**TASK INSTRUCTIONS:**
Look below for the line containing "VW Golf Volkswagen"; from there, print each line exactly up to and including the line containing "Descubra a Categoria", and stop.

**RECORDS SUPPLIED:**
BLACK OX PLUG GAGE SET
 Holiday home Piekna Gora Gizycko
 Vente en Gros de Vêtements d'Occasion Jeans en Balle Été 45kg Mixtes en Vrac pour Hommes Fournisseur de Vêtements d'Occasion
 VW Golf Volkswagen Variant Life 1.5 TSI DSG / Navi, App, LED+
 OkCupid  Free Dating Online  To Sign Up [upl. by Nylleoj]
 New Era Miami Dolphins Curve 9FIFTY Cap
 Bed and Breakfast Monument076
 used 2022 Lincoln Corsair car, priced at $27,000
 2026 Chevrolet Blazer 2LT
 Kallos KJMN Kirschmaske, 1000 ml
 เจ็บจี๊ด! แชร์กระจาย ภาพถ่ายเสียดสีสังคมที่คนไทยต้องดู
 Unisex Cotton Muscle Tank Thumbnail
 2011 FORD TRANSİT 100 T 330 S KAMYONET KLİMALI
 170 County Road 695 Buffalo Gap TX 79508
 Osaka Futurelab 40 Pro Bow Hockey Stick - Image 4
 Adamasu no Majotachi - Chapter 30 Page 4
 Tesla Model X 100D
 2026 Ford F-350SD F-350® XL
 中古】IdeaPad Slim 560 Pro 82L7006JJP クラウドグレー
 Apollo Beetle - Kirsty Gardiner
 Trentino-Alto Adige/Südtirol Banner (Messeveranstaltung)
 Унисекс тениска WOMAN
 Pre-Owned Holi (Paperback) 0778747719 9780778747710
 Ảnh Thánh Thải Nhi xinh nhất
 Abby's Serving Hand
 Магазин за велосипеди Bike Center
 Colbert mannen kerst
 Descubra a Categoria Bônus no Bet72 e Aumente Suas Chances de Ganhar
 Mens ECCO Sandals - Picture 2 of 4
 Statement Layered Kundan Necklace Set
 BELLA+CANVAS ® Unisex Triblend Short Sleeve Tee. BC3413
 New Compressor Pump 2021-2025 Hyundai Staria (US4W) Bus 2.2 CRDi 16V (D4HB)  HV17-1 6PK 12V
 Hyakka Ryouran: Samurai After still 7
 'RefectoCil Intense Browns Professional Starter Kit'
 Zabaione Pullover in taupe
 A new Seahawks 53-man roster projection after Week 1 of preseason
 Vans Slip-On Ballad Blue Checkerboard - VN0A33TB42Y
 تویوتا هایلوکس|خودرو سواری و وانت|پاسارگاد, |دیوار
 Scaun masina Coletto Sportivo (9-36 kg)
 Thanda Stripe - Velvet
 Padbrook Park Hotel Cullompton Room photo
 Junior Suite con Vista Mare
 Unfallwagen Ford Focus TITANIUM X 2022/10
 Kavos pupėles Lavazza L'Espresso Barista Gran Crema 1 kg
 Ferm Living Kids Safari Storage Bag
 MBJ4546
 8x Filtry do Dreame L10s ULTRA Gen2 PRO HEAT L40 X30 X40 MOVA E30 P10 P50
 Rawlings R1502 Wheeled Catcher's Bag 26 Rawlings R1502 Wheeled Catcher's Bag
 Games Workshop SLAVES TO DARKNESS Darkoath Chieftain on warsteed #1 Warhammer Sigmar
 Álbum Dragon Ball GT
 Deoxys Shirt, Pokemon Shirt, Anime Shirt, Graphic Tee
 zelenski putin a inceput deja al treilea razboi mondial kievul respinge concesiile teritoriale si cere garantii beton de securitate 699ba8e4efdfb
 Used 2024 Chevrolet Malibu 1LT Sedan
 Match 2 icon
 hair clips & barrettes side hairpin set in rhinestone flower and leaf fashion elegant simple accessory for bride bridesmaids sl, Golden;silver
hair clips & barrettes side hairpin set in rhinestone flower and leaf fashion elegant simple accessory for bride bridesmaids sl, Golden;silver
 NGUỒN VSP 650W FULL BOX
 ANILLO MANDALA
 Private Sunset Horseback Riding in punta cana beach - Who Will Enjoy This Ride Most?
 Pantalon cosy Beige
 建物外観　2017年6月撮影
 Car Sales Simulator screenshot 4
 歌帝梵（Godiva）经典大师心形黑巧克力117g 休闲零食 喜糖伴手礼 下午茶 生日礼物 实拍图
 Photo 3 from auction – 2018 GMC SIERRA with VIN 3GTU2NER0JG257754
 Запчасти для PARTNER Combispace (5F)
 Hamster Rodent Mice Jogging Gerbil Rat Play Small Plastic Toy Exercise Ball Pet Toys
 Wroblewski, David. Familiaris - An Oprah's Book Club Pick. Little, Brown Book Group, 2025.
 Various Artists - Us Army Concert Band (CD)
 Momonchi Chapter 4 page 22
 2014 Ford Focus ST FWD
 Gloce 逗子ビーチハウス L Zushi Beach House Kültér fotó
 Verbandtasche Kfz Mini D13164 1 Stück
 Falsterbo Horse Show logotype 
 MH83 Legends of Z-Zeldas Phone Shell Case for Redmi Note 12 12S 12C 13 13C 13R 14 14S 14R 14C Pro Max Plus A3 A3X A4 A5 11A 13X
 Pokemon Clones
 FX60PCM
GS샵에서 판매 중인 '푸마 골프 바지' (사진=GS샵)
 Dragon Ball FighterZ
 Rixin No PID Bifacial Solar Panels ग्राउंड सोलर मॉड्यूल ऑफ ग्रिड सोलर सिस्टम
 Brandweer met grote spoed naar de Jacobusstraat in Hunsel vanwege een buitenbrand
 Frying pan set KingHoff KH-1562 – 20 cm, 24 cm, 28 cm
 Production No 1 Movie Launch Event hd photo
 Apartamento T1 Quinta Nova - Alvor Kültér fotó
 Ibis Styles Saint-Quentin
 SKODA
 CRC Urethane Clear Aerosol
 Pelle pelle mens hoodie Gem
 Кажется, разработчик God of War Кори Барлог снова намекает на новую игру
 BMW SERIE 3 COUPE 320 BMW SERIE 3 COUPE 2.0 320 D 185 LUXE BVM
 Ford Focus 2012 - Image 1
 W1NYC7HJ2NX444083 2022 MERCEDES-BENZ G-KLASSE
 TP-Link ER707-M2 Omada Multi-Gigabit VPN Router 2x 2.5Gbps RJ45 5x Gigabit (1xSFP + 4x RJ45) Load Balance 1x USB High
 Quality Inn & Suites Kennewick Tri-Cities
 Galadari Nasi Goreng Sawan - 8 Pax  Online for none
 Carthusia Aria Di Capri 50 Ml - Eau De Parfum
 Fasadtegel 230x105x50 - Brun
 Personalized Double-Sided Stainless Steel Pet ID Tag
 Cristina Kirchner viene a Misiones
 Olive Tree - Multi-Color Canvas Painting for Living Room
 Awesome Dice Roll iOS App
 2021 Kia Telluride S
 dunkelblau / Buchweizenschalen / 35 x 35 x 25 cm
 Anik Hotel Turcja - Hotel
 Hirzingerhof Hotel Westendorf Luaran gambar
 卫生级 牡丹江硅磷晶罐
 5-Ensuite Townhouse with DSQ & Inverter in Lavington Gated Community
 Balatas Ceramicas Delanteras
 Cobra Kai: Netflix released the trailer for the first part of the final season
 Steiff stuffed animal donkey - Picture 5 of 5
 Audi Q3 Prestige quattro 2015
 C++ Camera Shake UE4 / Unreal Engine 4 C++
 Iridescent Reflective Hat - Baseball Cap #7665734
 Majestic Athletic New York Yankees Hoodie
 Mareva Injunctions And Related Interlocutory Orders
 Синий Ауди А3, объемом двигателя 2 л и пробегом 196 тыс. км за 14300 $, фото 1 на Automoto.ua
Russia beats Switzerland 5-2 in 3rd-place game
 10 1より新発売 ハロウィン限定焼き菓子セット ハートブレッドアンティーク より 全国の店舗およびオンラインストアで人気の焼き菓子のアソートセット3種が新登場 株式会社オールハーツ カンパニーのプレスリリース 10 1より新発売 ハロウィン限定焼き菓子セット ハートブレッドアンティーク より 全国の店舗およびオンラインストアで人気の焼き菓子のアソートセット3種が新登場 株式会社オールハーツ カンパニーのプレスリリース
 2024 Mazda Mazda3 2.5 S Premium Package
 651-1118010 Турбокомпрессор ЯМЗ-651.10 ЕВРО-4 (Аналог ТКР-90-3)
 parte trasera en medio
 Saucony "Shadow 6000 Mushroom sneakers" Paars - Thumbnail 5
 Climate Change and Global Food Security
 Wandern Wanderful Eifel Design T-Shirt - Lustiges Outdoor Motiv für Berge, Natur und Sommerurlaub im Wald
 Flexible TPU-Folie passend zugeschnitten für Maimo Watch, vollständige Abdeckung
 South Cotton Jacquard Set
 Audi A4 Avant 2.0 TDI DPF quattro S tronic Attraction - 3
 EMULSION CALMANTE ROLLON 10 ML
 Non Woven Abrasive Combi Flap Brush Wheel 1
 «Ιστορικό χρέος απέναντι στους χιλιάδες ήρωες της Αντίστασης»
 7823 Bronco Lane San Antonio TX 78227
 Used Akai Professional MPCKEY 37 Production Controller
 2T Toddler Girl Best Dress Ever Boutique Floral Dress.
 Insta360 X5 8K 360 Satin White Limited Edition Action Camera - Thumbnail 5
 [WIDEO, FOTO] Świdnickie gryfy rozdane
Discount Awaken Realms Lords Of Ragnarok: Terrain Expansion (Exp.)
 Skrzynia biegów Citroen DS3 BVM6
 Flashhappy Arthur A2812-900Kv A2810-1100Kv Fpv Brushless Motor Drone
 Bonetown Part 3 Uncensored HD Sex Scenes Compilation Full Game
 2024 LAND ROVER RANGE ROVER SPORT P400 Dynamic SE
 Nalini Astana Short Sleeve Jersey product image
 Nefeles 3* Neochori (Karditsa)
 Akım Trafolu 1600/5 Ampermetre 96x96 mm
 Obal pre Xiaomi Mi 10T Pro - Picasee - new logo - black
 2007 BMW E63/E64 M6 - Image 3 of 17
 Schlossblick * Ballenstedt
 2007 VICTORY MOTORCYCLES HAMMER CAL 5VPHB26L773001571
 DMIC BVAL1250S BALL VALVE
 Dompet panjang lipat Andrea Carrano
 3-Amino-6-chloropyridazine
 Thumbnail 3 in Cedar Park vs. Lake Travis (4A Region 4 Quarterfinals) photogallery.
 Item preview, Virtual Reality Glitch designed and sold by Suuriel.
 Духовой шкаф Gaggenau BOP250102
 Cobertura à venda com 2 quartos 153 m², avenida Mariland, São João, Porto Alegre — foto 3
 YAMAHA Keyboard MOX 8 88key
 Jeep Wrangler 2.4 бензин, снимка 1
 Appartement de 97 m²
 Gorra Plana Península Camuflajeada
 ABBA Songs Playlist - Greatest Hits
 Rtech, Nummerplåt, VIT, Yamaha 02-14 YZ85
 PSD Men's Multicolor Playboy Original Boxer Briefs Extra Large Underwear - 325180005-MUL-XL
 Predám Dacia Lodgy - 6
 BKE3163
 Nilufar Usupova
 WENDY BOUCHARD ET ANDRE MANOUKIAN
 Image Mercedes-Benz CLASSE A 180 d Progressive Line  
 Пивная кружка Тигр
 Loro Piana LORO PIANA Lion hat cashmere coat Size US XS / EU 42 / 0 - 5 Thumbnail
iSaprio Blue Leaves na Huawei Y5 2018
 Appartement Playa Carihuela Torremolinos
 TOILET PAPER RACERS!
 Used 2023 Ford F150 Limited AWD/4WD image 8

**RESULT OF THIS TASK:**
 VW Golf Volkswagen Variant Life 1.5 TSI DSG / Navi, App, LED+
 OkCupid  Free Dating Online  To Sign Up [upl. by Nylleoj]
 New Era Miami Dolphins Curve 9FIFTY Cap
 Bed and Breakfast Monument076
 used 2022 Lincoln Corsair car, priced at $27,000
 2026 Chevrolet Blazer 2LT
 Kallos KJMN Kirschmaske, 1000 ml
 เจ็บจี๊ด! แชร์กระจาย ภาพถ่ายเสียดสีสังคมที่คนไทยต้องดู
 Unisex Cotton Muscle Tank Thumbnail
 2011 FORD TRANSİT 100 T 330 S KAMYONET KLİMALI
 170 County Road 695 Buffalo Gap TX 79508
 Osaka Futurelab 40 Pro Bow Hockey Stick - Image 4
 Adamasu no Majotachi - Chapter 30 Page 4
 Tesla Model X 100D
 2026 Ford F-350SD F-350® XL
 中古】IdeaPad Slim 560 Pro 82L7006JJP クラウドグレー
 Apollo Beetle - Kirsty Gardiner
 Trentino-Alto Adige/Südtirol Banner (Messeveranstaltung)
 Унисекс тениска WOMAN
 Pre-Owned Holi (Paperback) 0778747719 9780778747710
 Ảnh Thánh Thải Nhi xinh nhất
 Abby's Serving Hand
 Магазин за велосипеди Bike Center
 Colbert mannen kerst
 Descubra a Categoria Bônus no Bet72 e Aumente Suas Chances de Ganhar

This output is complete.